The 45-year-old Korean-American poet’s searing exploration of race and minority identity in a collection of essays published last year evoked a conversation on the experiences of people of colour in the US, especially at a time when the pandemic had exacerbated entrenched discrimination. “I annotated the hell out of Minor Feelings — it’s the kind of book you want to dog-ear and underline… I felt so seen that I couldn’t believe that this book existed,” writes American comedian, writer and actor Ali Wong in her profile of Hong for the Time magazine.
A faculty in the department of English at Rutgers University, Newark, Cathy Park Hong first burst onto the literary scene in 2002 with her poetry collection, Translating Mo’um (Hanging Loose Press), that won her a Pushcart Prize, an annual literary prize awarded to the best in indie publishing. Since then, Hong has published two other volumes — Dance Dance Revolution (2007, WW Norton Norton), that won the Barnard Women Poets Prize, a win personally endorsed by feminist poetic icon, Adrienne Rich, and Engine Empire (2013, WW Norton).

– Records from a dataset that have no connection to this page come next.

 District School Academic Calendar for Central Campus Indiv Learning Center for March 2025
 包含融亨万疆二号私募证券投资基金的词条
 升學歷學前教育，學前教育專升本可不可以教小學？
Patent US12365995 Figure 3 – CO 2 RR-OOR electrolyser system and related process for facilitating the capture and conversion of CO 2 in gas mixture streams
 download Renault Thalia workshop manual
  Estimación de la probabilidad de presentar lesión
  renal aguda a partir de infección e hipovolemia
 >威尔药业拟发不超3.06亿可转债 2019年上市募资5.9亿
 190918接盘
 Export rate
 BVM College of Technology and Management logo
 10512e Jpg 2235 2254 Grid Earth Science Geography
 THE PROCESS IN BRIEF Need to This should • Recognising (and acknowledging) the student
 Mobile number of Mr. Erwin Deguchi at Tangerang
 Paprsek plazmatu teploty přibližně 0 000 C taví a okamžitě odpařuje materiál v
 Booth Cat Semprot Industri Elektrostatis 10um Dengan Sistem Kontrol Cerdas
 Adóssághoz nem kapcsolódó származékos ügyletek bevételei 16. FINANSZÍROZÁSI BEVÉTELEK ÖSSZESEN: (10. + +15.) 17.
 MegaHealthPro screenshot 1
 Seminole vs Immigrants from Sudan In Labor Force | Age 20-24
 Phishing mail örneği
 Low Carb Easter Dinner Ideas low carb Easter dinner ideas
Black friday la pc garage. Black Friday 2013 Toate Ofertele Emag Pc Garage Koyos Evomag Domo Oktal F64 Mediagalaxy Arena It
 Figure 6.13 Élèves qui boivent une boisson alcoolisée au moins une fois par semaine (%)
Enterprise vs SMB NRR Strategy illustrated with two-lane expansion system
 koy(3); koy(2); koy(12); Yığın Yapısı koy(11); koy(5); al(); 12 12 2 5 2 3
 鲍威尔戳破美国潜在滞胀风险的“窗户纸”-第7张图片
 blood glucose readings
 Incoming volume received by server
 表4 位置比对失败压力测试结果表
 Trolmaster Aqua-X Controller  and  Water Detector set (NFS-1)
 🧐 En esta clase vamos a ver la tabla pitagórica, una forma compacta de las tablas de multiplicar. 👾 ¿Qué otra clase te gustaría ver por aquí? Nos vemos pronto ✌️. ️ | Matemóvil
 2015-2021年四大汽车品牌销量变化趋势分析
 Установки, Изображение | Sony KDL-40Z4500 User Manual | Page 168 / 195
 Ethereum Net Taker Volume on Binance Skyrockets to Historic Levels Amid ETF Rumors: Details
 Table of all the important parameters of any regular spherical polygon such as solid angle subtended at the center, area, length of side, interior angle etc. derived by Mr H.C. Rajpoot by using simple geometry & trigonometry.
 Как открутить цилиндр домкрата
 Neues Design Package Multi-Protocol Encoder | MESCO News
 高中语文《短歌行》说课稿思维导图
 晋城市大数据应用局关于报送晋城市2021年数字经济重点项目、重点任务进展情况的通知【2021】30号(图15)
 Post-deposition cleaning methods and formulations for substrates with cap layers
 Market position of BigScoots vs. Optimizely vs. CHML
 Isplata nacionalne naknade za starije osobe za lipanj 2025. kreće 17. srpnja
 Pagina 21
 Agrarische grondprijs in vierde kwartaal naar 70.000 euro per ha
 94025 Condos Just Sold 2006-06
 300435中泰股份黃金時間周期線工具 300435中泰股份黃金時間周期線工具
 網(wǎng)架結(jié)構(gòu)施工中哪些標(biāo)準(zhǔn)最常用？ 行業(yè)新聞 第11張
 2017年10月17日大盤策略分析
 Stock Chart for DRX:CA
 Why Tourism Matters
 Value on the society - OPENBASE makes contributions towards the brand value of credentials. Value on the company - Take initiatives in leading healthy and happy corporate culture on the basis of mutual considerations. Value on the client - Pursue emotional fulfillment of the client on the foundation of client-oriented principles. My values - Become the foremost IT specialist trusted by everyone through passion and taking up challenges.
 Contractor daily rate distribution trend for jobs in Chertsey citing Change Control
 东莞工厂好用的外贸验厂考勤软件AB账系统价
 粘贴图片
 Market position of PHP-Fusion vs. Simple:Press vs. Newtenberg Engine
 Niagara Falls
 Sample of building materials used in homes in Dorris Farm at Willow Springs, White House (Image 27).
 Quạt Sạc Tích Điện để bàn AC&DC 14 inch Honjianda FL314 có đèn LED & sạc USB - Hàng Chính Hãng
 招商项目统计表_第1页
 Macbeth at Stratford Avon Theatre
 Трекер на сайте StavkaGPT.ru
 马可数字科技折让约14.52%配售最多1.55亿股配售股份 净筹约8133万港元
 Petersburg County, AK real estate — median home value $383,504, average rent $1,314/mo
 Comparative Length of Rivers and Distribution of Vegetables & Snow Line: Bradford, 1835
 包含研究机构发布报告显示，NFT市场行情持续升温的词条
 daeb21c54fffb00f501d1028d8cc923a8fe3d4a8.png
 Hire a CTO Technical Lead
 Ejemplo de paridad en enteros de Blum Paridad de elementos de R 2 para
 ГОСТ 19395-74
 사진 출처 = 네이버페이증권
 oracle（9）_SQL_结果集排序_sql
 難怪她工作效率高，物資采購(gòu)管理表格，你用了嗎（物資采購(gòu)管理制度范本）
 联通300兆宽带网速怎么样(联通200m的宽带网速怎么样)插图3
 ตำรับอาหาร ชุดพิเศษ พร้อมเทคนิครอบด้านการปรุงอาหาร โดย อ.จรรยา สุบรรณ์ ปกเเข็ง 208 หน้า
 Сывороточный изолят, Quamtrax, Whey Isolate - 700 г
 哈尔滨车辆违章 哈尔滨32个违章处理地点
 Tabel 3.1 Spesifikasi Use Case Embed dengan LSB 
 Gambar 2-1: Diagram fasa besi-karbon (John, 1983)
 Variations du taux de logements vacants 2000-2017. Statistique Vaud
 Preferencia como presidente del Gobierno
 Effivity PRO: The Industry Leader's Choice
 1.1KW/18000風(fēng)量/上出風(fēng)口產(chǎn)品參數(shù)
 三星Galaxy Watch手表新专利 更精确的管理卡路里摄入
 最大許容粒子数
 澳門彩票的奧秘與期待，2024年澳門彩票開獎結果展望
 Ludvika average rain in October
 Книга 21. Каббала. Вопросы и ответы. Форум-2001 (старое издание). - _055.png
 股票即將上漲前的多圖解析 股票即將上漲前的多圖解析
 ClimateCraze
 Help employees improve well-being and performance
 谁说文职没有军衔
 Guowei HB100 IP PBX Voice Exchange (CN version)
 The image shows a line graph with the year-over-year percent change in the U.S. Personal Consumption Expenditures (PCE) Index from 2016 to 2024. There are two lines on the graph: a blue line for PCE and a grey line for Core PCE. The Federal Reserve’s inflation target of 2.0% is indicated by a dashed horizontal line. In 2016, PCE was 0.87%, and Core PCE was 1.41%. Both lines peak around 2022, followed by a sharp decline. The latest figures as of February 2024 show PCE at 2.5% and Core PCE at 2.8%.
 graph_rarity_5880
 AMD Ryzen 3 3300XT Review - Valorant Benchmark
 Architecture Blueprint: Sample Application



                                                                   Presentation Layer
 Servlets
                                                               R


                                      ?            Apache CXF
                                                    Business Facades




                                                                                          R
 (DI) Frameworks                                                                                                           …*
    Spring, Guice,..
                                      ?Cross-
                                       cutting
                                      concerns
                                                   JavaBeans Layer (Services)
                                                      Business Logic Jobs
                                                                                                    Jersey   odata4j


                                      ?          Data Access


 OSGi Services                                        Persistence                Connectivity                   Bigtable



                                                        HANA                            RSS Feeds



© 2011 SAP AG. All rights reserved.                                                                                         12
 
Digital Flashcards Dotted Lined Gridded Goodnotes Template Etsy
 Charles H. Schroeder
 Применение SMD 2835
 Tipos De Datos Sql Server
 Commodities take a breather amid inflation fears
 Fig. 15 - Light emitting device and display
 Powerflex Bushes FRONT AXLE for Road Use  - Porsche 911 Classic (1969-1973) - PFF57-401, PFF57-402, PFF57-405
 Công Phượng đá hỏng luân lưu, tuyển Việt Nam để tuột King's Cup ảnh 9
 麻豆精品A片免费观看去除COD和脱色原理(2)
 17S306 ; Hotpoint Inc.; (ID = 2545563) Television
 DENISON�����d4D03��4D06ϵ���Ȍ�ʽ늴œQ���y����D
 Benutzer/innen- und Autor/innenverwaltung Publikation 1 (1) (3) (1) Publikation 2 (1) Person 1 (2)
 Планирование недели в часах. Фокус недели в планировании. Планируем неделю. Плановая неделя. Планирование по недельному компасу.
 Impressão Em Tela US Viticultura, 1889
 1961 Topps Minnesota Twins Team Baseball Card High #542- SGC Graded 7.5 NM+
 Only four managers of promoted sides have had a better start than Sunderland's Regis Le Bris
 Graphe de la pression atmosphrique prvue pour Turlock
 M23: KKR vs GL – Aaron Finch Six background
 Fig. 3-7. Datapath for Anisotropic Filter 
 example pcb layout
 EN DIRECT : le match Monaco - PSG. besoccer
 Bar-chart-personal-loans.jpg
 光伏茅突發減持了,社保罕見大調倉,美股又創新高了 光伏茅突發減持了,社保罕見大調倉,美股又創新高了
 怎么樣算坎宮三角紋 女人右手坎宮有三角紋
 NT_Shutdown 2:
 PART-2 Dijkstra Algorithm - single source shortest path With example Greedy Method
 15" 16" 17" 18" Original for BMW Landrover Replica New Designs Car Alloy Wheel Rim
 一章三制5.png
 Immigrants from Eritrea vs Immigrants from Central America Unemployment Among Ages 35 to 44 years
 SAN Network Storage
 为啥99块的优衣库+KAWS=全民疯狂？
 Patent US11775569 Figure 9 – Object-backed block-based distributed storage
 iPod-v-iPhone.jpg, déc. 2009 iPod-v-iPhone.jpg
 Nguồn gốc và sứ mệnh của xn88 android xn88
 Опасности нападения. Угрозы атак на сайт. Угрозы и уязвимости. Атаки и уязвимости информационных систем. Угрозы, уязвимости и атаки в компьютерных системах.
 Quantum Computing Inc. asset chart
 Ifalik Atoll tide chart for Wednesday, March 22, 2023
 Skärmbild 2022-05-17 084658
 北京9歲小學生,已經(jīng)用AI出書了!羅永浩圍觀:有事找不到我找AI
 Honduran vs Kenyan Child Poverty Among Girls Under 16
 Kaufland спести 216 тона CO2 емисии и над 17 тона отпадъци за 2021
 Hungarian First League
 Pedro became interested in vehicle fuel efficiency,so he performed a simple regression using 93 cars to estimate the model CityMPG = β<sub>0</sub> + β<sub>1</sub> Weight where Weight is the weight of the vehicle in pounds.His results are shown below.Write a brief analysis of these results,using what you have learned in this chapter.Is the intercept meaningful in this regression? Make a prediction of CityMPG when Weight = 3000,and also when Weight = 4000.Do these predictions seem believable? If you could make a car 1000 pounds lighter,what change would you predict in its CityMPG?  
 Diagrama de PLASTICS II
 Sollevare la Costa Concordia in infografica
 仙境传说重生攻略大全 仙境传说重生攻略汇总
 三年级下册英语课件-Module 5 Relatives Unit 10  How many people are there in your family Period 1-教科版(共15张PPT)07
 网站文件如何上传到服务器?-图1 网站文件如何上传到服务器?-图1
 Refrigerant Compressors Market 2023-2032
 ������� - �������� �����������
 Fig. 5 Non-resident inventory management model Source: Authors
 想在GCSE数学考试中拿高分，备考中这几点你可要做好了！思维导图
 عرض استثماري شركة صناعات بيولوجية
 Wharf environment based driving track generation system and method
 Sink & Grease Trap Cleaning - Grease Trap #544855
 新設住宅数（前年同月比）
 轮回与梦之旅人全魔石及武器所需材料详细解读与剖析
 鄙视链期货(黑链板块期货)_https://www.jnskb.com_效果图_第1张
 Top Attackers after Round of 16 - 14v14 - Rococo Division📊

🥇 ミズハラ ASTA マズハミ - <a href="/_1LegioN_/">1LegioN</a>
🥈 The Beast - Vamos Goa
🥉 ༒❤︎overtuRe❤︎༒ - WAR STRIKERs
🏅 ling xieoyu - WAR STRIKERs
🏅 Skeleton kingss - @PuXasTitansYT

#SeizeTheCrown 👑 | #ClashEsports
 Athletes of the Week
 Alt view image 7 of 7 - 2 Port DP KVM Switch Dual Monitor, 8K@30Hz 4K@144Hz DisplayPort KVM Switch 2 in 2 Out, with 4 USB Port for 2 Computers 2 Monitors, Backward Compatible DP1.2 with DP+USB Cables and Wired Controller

A sense of alienation is pervasive in her poetry, in which Hong explores the duality of her identity. In the poem ‘A Wreath of Hummingbirds‘ from Engine Empire, Hong, who also serves as the poetry editor for The New Republic magazine, writes, “I suffer a different kind of loneliness./ In the trilling ringtones of singing/ wrens, cries of babies and ballad medleys,/ my ears, already inured by buds,/ turn to brass.” In Dance Dance Revolution, Hong’s poems assume the form of transcriptions of imaginary interviews conducted by the narrator in a fictional way station called Desert, where the flux of visitors births a language that draws from over 300 dialects and other language sources. In 2018, Hong won the prestigious Windham-Campbell Prize. She is the recipient of several other awards including a Guggenheim Fellowship (2015).
Minor Feelings: A Reckoning on Race and the Asian Condition
“It is an unique condition that is distinctly Asian in that some of us are economically doing better than any other minority group but we barely exist anywhere in the public eye,” writes Hong in an essay in Minor Feelings: A Reckoning on Race and the Asian Condition (Profile Books, Rs 499). Published last year, in the early days of the global pandemic, the book is a collection of seven essays that were sparked off after watching the standup comedian and actor Richard Pryor speak about race on stage.
Part memoir, part interrogation, Minor Feelings is Hong’s first attempt at non-fiction that examines racial trauma and living on the margins. As a member of a community often held up as an immigrant success story, she writes of having to contend with perceptions about Asian people in America and struggling to find herself mirrored in them. In the essay “Stand Up”, Hong describes “minor feelings” as the “racialised range of emotions that are negative, dysphoric, and therefore untelegenic” and so homogenised that it refuses to recognise individual experiences. Later, in an interview with The Guardian, Hong spoke of how the COVID-19 pandemic had deepened the racial divide in the US. The book, which won the National Book Critics Circle Award in the autobiography category, was also a finalist at this year’s Pulitzer Prize in the general non-fiction category.
The daughter of immigrants, Hong grew up in Los Angeles, where her father worked in insurance before starting a warehouse business that was successful enough to ensure a private education for Hong. She studied at Oberlin College, Ohio, and earned an MFA from the famed Iowa Writers Workshop. In the opening essay in Minor Feelings, “United”, Hong writes on why she had always shied away from writing about her racial experience in a way that set her up as an “anthropological experience” for readers. It was the birth of her daughter and her endeavour to make her child feel more at ease with the twin identities she inherited that finally prompted Hong to write the book. Apart from Hong, sci-fi writer NK Jemisin is another literary figure to feature in Time’s 2021 list.